Return, with both end lines included, exactly what the data below holds from the line with "Blocked Hoodie //" through the line with "Wycieczki turystyczne i", though not the pictures.

### INFORMATION SHOWN
---

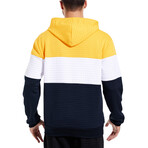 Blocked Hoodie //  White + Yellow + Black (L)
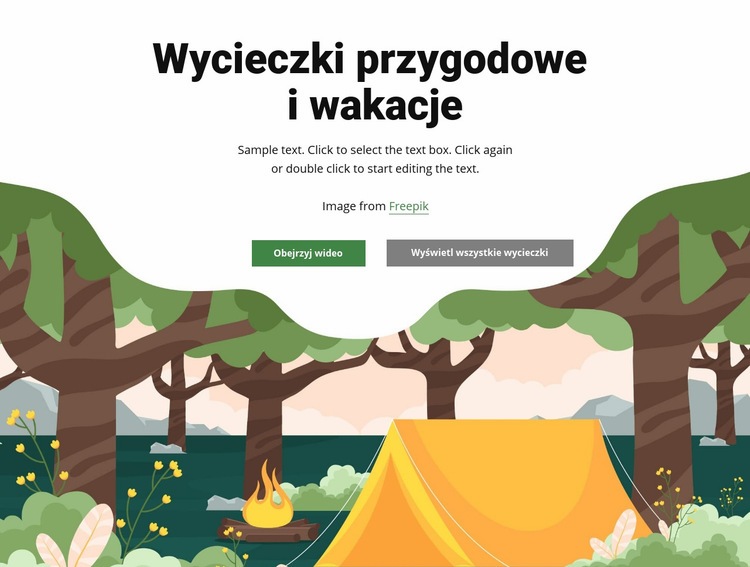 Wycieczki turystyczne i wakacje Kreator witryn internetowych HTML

---

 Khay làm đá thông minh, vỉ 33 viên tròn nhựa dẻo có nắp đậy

---

### ANSWER TO THIS PROBLEM
 Blocked Hoodie //  White + Yellow + Black (L)
 Wycieczki turystyczne i wakacje Kreator witryn internetowych HTML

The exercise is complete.